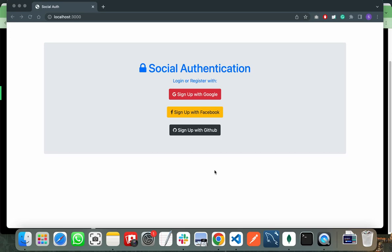Hello everyone, in this video I will show you how to implement sign up with GitHub functionality using Node.js. This is the application I have already created running on localhost 3000 with sign up with Google, Facebook, and GitHub functionalities.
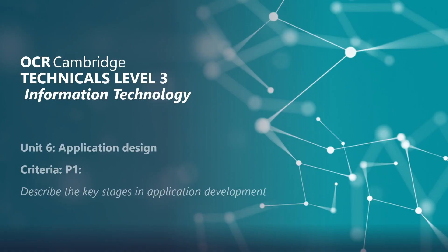Welcome to this OCR Cambridge Technicals Level 3 in Information Technology video. This is Unit 6 Application Design and we're looking at Criteria P1: describe the key stages in application development.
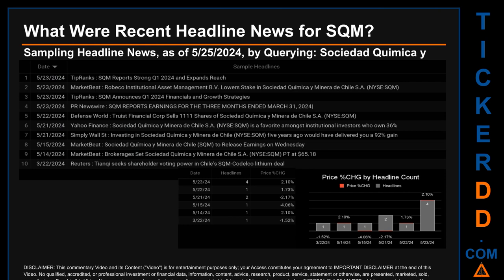On May 23rd, 2024, there were four found headlines: Tip Ranks published 'SQM Reports Strong Q1 2024 and Expands Reach'; Market Beat published 'Roberto Institutional Asset Management BV Lowers Stake in Sociedad Química y Minera de Chile SA (NYSE: SQM)'; Tip Ranks also published 'SQM Announces Q1 2024 Financials and Growth Strategies'; and PR Newswire published 'SQM Reports Earnings for the Three Months Ended March 31st, 2024.' The oldest publication was on Friday, March 22nd, 2024, when Reuters published 'Tianchi Seeks Shareholder Voting Power in Chile's SQM-Codelco Lithium Deal.' The latest publication date saw the most headlines, with a price change of 2.10% after the ticker opened at $47.62 and closed at $48.62.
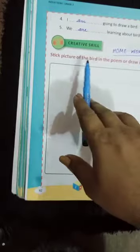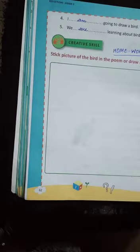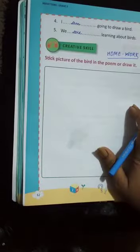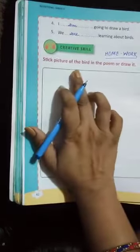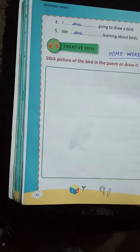Now this is your homework — creative skills. Stick pictures of the bird from the poem and draw it. You can paste pictures of the birds you saw in the poem, or you can draw them too. Okay students, bye bye, take care, thank you.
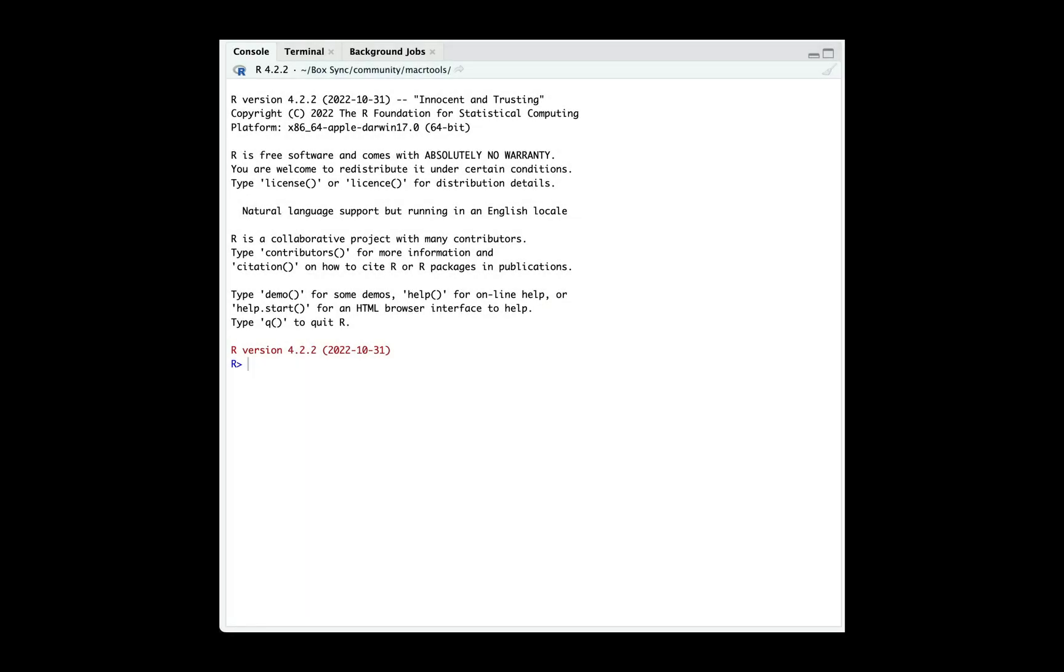Greetings and salutations all. In this video, we're going to set up the R compilation toolchain for macOS using the macrtools package. With that said, let's install the macrtools package.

_ _ _

Exercise: In the records, the line containing "Now this is" starts the span and the final line ends it. Output exactly that span, both ends included, with no pictures and nothing else.

Task solution:
Now this is your homework — creative skills. Stick pictures of the bird from the poem and draw it. You can paste pictures of the birds you saw in the poem, or you can draw them too. Okay students, bye bye, take care, thank you.
Greetings and salutations all. In this video, we're going to set up the R compilation toolchain for macOS using the macrtools package. With that said, let's install the macrtools package.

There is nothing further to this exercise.